Advisors:	doc. RNDr. Ondřej Bojar, Ph.D.

Guidelines

Machine translation quality estimation (QE) is a machine learning problem within the area of natural language processing. Given a source sentence and its machine translation, the goal of QE is to predict how good the MT output is. The prediction can be performed at the level of the whole sentence (typically, some type of anticipated edit distance needed to manually fix the candidate) or at the level of individual tokens (typically marking which words are “good” and which are “bad”).

QE is highly relevant in the translation/localization industry where it can help predict savings when using MT. Translators can also use it as a guide when deciding whether to post-edit an MT output or whether to translate the sentence from scratch. For end users, QE can warn about unreliable parts in MT output, e.g. when reading machine-translated web pages.

The goal of the thesis is to explore the relationship between sentence-level QE and MT, i.e. to empirically study the relative power of the two models. If the MT system is strong, can we expect relatively simple QE models to perform well? Or does the QE model need to be strictly more powerful (e.g. in the number of parameters) in order to judge the MT outputs?

The thesis will focus primarily on the design and implementation of experiments studying the relationship between existing MT and QE implementations. The exact settings will be further refined in early stages of the work. The core experiments will build upon existing large data sources for English and Czech, specifically the parallel corpus CzEng and its derived versions in which one of the languages will be provided automatically by a machine translation system. The student will train several QE systems on varying training corpus sizes and with varying number of model parameters and evaluate the precision of these QE systems for MT systems trained on similarly varying corpus sizes.

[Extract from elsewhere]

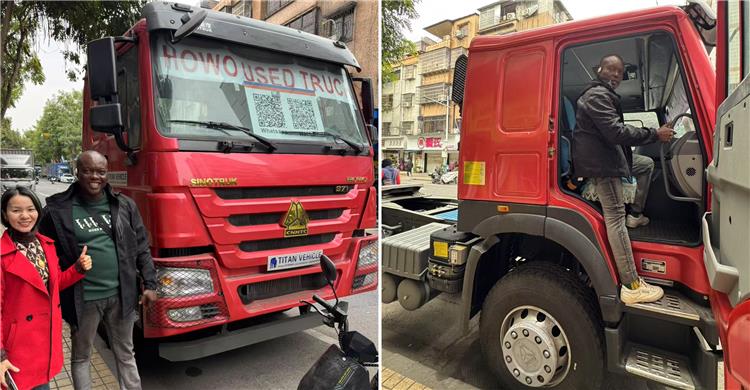 Used Howo Tractor Head for Sale In Nigeria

The final evaluation will test MT, QE and their relation also on test sets of different domains, including e.g. transcripts of spoken language as available in IWSLT. In addition to the custom MT systems, the student will also assess the QE performance on a set of off-the-shelf English->Czech MT systems such as Lindat Translation or Google Translate or their saved past outputs from WMT evaluation campaigns.

The thesis will be supervised in collaboration with Memsource (https://www.memsource.com/). If possible, the test sets used in the thesis could include non-public data available to Memsource.

References

Bojar Ondřej, Dušek Ondřej, Kocmi Tom, Libovický Jindřich, Novák Michal, Popel Martin, Sudarikov Roman, Variš Dušan: CzEng 1.6: Enlarged Czech-English Parallel Corpus with Processing Tools Dockered. In: Lecture Notes in Computer Science, No. 9924, Text, Speech, and Dialogue: 19th International Conference, TSD 2016, Copyright © Springer International Publishing, Cham / Heidelberg / New York / Dordrecht / London, ISBN 978-3-319-45509-9, ISSN 0302-9743, pp. 231-238, 2016.

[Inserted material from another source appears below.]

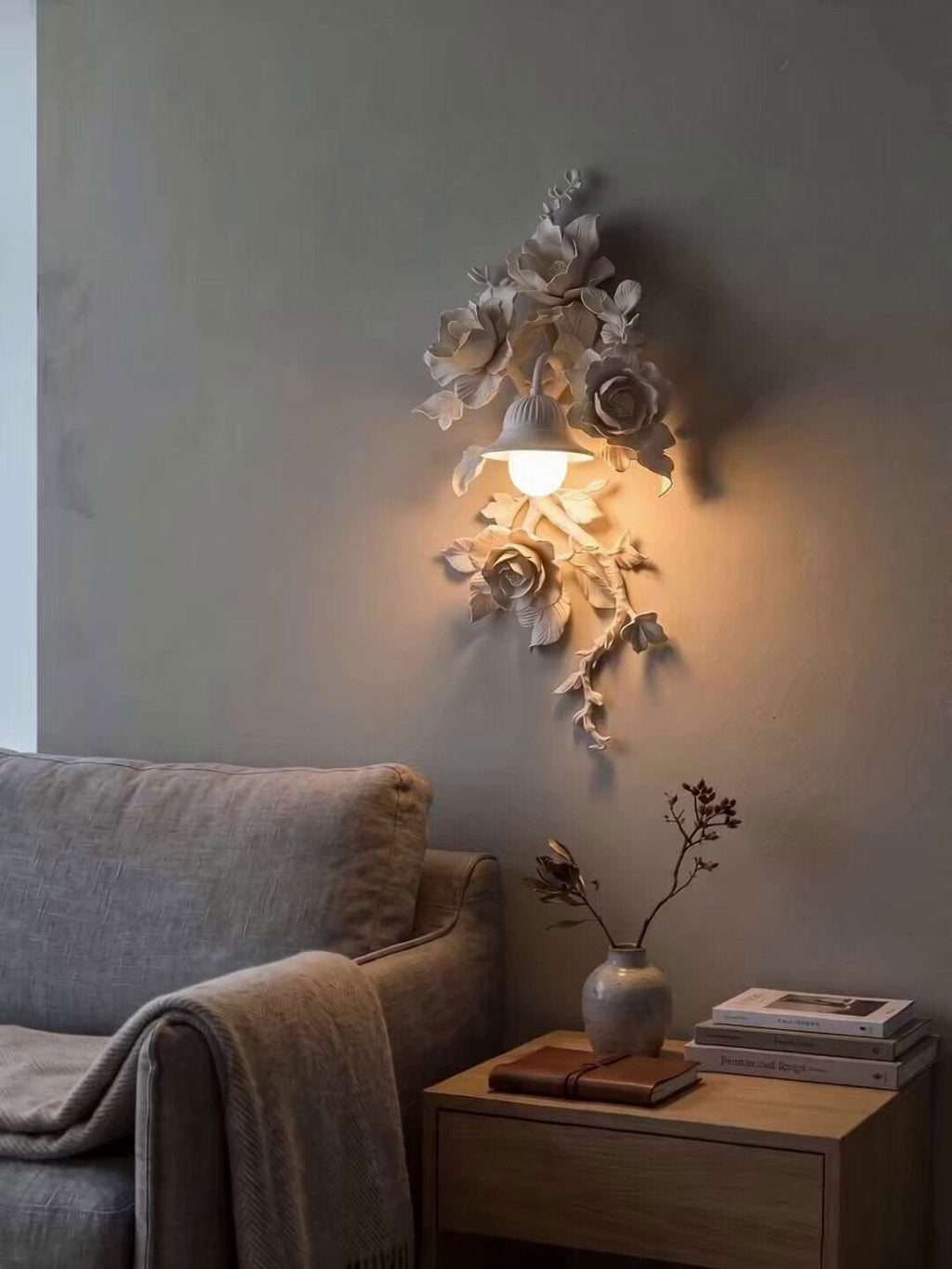 Elyndra Bloom Wall Sconce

Fonseca, Erick, Lisa Yankovskaya, André FT Martins, Mark Fishel, and Christian Federmann. "Findings of the WMT 2019 shared task on quality estimation." In Proceedings of the Fourth Conference on Machine Translation. 2019.

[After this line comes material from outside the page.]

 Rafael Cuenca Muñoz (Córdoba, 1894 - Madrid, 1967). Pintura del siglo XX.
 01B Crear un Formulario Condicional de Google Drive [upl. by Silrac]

Kepler, Fabio, Jonay Trénous, Marcos Treviso, Miguel Vera, António Góis, M. Amin Farajian, António V. Lopes, and André FT Martins. "Unbabel's Participation in the WMT19 Translation Quality Estimation Shared Task." arXiv preprint arXiv:1907.10352 (2019).

Lindat Translation, online service. https://lindat.mff.cuni.cz/services/transformer/

Martins, André FT, Marcin Junczys-Dowmunt, Fabio N. Kepler, Ramón Astudillo, Chris Hokamp, and Roman Grundkiewicz. "Pushing the limits of translation quality estimation." Transactions of the Association for Computational Linguistics 5 (2017): 205-218.

Specia, Lucia, Marco Turchi, Nicola Cancedda, Marc Dymetman, and Nello Cristianini. "Estimating the sentence-level quality of machine translation systems." In 13th Conference of the European Association for Machine Translation, pp. 28-37. 2009.